All told, this lack of training makes little sense. Management is a totally different skill than software engineering or marketing––one thatshould require formal training.

It’s for this reason that the team and I at Honey have decided to start implementing manager onboarding into our larger training processes. We’re doing this through what we’re calling “cohorts,” which are groups of mid-to-junior-level managers who together receive mentor training from senior management. The senior managers sit down once a month with the lower-level managers in their cohort and discuss guided management topics designed to help people understand what exactly to work on or improve, which conversational skills to develop, and how to lead varying groups of people––from developers to customer success reps.

The goal is to provide our rising leaders with a more meaningful kind of pre-exposure to the work than what’s typically allowed through HR-focused briefing, which is what most new managers get.

Although we’ve only just started the implementation process, it’s something that we’re incredibly excited about.
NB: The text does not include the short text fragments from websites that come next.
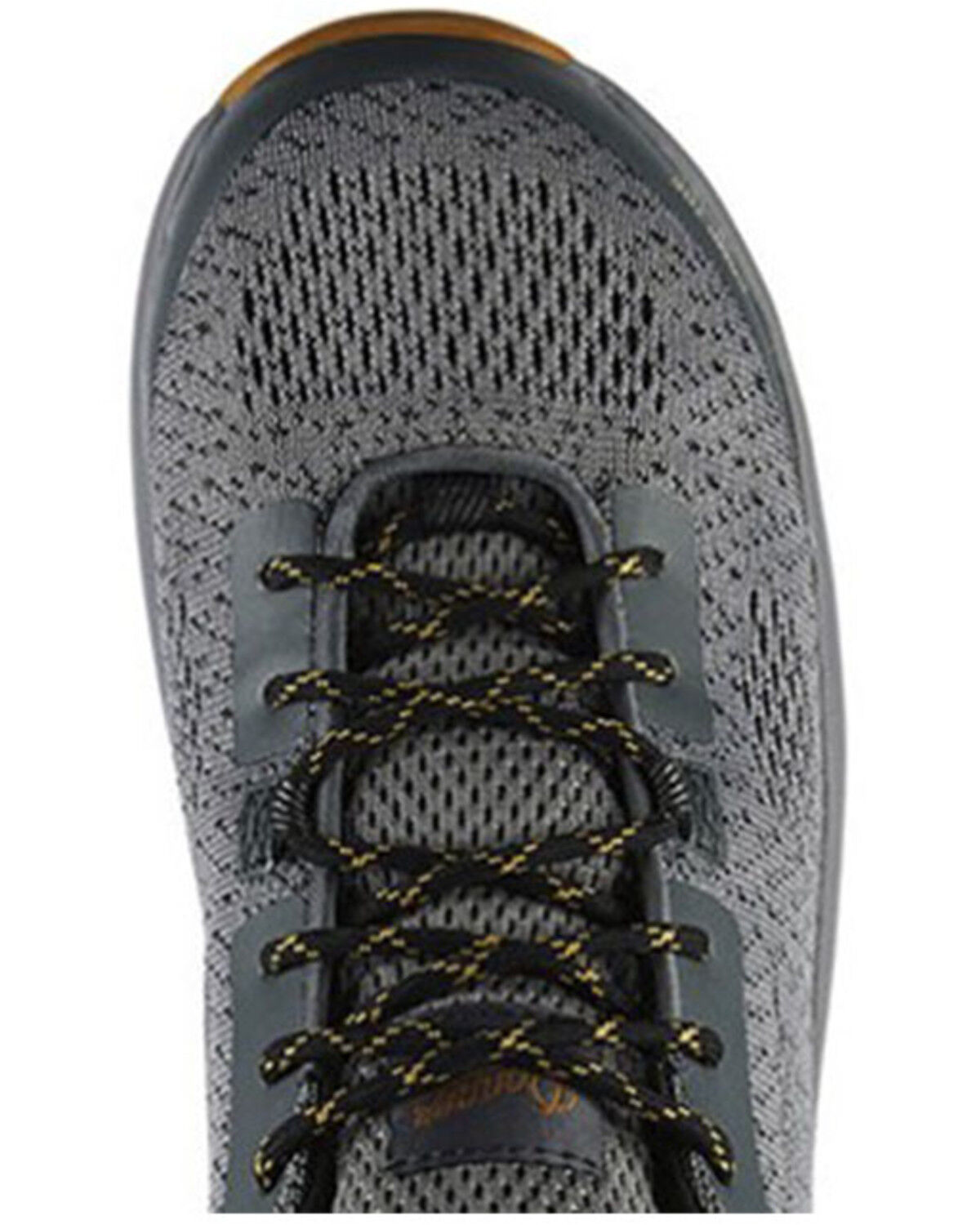 Danner Women's Run Time 3 Work Sneakers - Composite Toe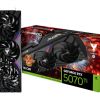Gainward RTX5070Ti Phoenix-S GS, 16GB
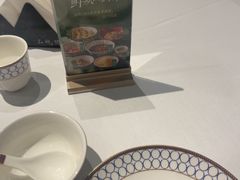 -品粹徽园·家常安徽菜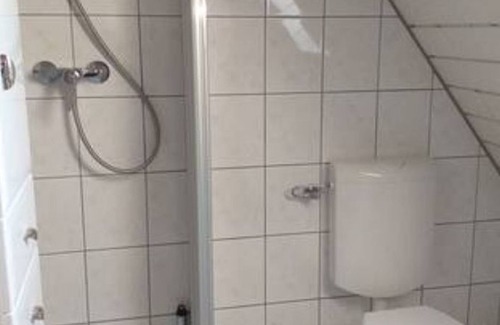 Schwasdorf Appartement | Ferienwohnung Mitte - Grüter, Susanne & Sepp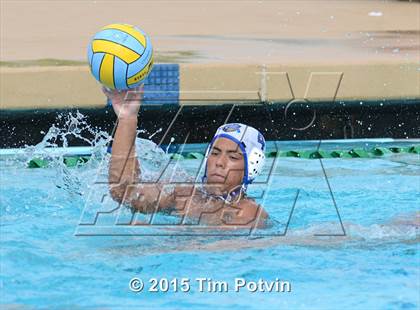 Thumbnail 2 in Beaumont @ Chaparral photogallery.
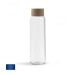 ETIKEKO® 500ml-Flasche Geschäftsgeschenk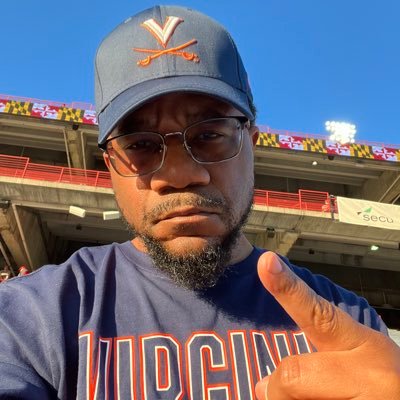 DeeWells804's profile picture. 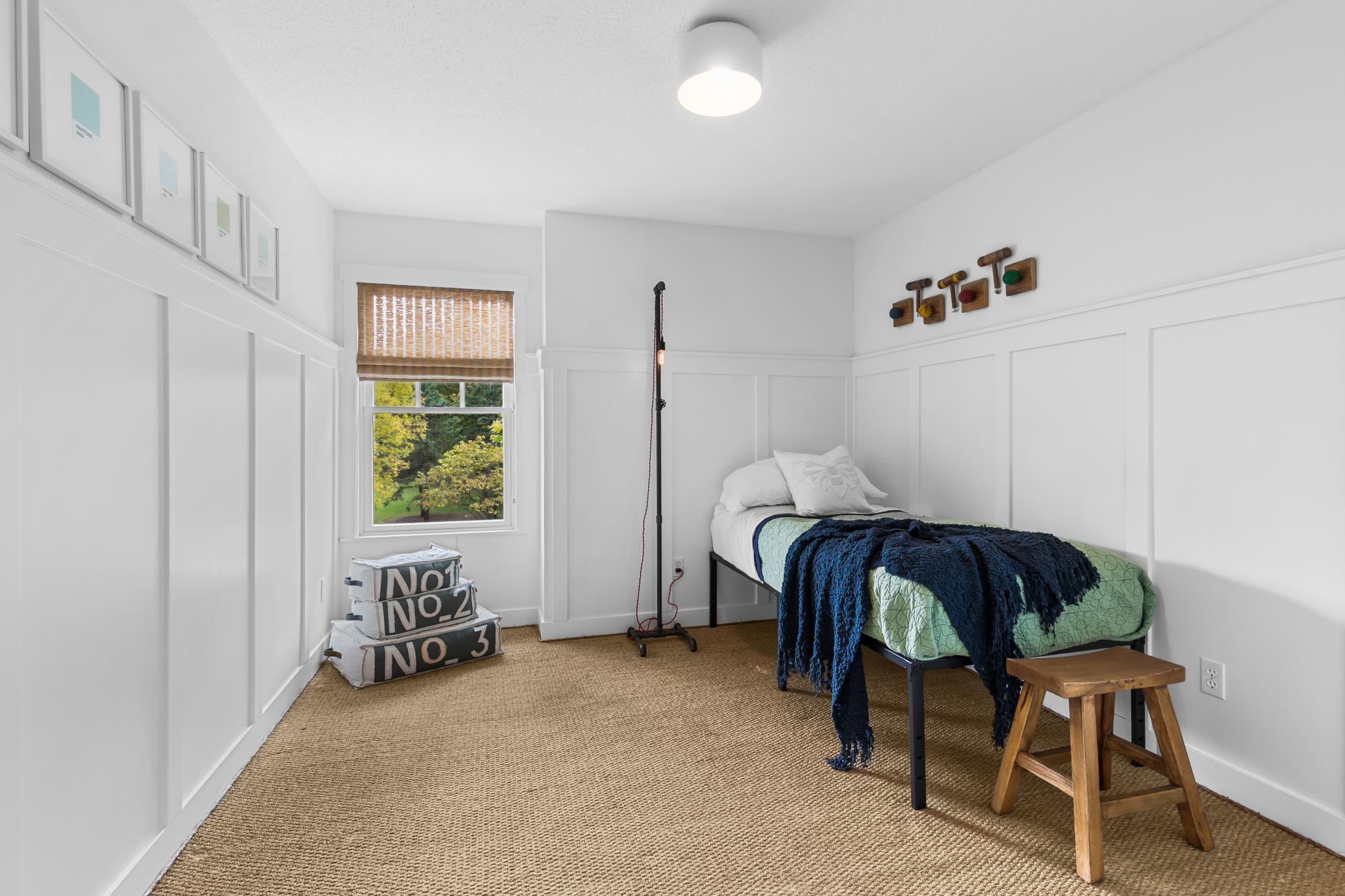 View of Residential at 209 Rutherford Road, Stillwater MN 55082, Stillwater (32 of 66) - Mike Wilen | Minnesota Team Real Estate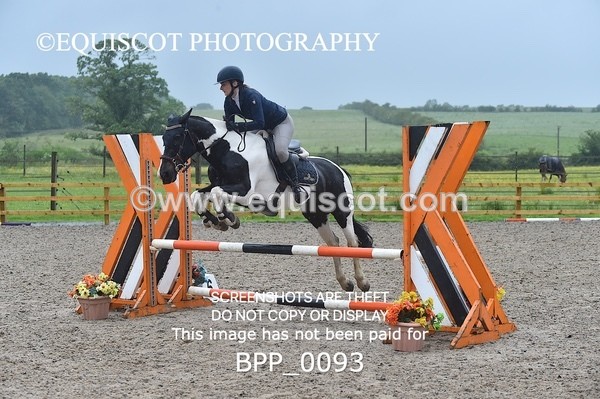 BPP_0093 - CLASS 5  - 80CM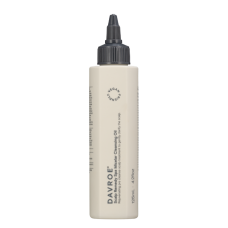 Очищуюча олія для шкіри голови та волосся Davroe Scalp Remedy Spa Micellar Cleansing Oil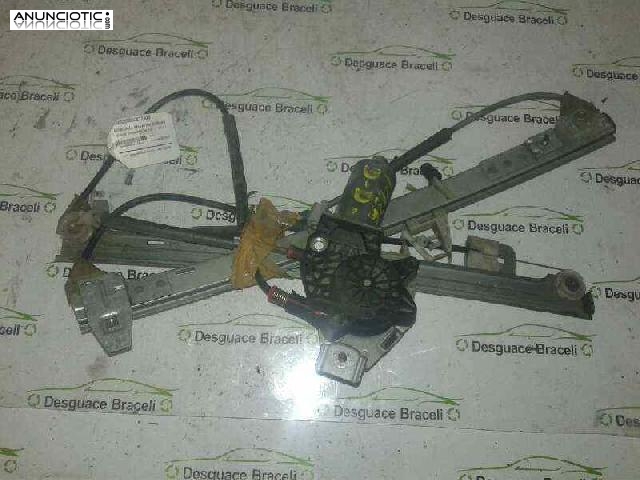 Elevalunas de citroen xsara - (222439)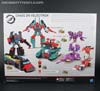 Titans Return Laser Optimus Prime - Image #8 of 173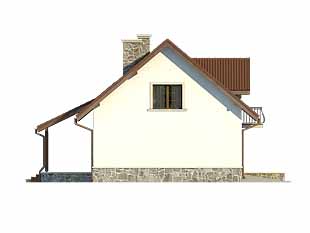 elevations 4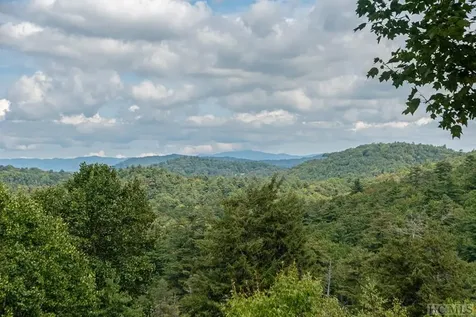 408B Highlands Cove Drive Highlands NC 28741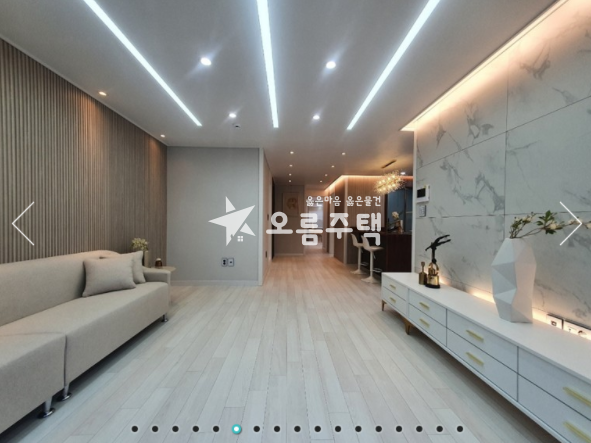 경기 안산상록구 사동 전세대 탁 트인 공원조망권 3룸 (사리역 도보 10분) 분양 매물번호 12941 사진 4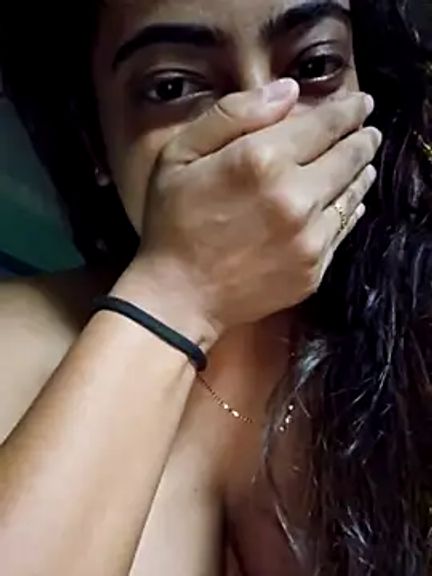 sexyindi_couple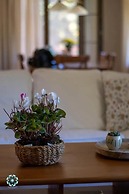 Luxury Villa Jasmine w Private Pool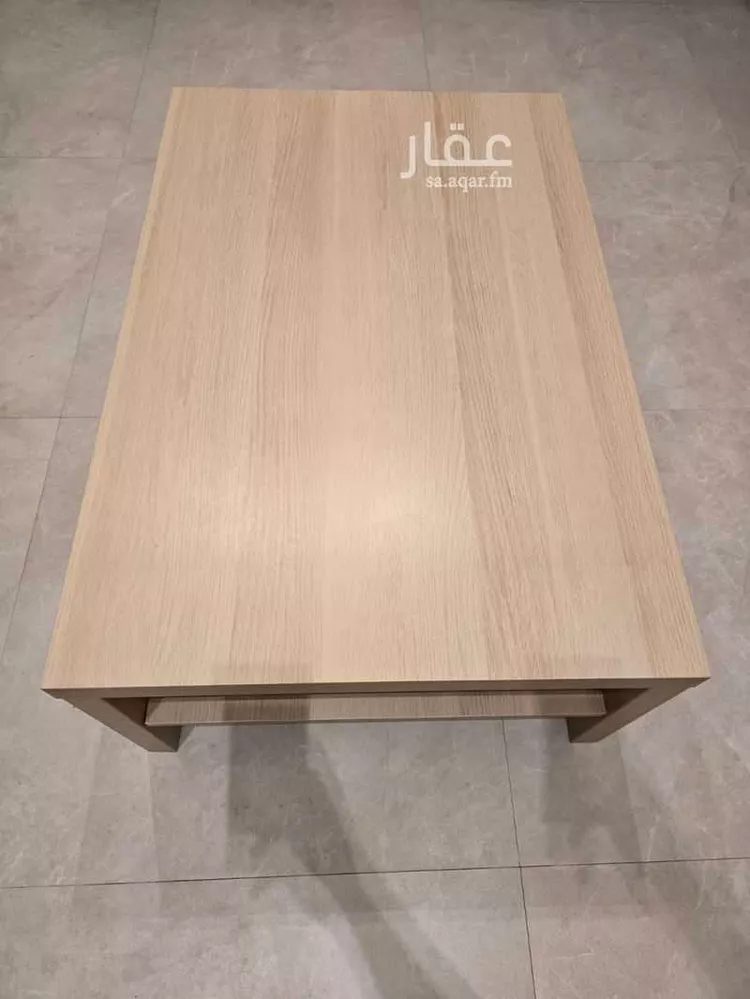 شقة للإيجار في شارع محمد الدوري, حي النرجس, مدينة الرياض, منطقة الرياض صورة 4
Here’s why we think this will be so impactful.

Focused, experiential manager training allows budding managers to talk through their problems and hone their development in a less intimidating way with mentors who know what they’re doing.

Here’s the truth about learning something new: you can train and educate yourself for days and days, but until you’re out in the field doing it, you won’t know what the actual, on-the-ground work is like.

That’s one way we’re thinking about manager-specific training at Honey. We of course want to provide new managers with more preparatory education and guidance, but the real value comes from giving managers a trustworthy form of mentorship and a communication channel through which they can receive real-time guidance. Our hope is these cohorts can provide that, along with a less formal mechanism to work creatively through real-world problems.

We’ll be stacking these cohorts on top of a more standard management training regimen with sessions for new managers held once a month. The training sessions, however, will be designed more to compliment the cohort meetings. And it’s our hope that this varied, two-pronged approach to training and support will give managers a more holistic understanding of the work––what it’s actually like to mentor people, cultivate trust, and hold team members accountable.

That, to me, is exactly what manager training is missing at present.

This kind of management training is good for your company, too.

By training your managers, it gives your employees the sense that they’re being invested in. Which, as I think most experienced managers can attest to, is critical. Because when you feel alone in your new work as a manager––thrown into the deep end without warning or preparation––that sews certain negative feelings within you about your company and the people leading it. For your people to succeed––and, in turn, for your company to succeed––they need to feel supported.

Plus, untrained managers are themselves a liability.

Unqualified employees, no matter what their roles, don’t often produce good work or create actual value. And unqualified managers, in particular, might bring down the personal performance of the team they’re responsible for. It creates a pitfall of problems.

By investing in structured manager training, you’re getting ahead of that. In many ways, it’s a long-term investment––one that will help your company remain lean, strong, and efficient. It will help you maintain a certain pace. (As will, it should be noted, the practice of giving new managers a two-month trial period where they, alongside leadership, get a sense of whether or not they’re actually cut out for leading teams. It can act as a buffer to protect the company—and the employee—from potential fallout.)

If they’re supported, successful managers can go a long way toward ensuring a healthy, successful company.

Again, investing in your managers the same way you do in new employees represents an investment in the long-term viability of your company. If you’re on the fence about whether this is something that might make sense for you, take a step back and consider the pain points you expect to experience as you grow. I bet you’ll realize there’ll be more problems to tackle than a lack of desks.

Rather, your problems will likely be more structural, directional, and strategic. And those are exactly the kinds of problems you need smart, prepared managers to help mitigate.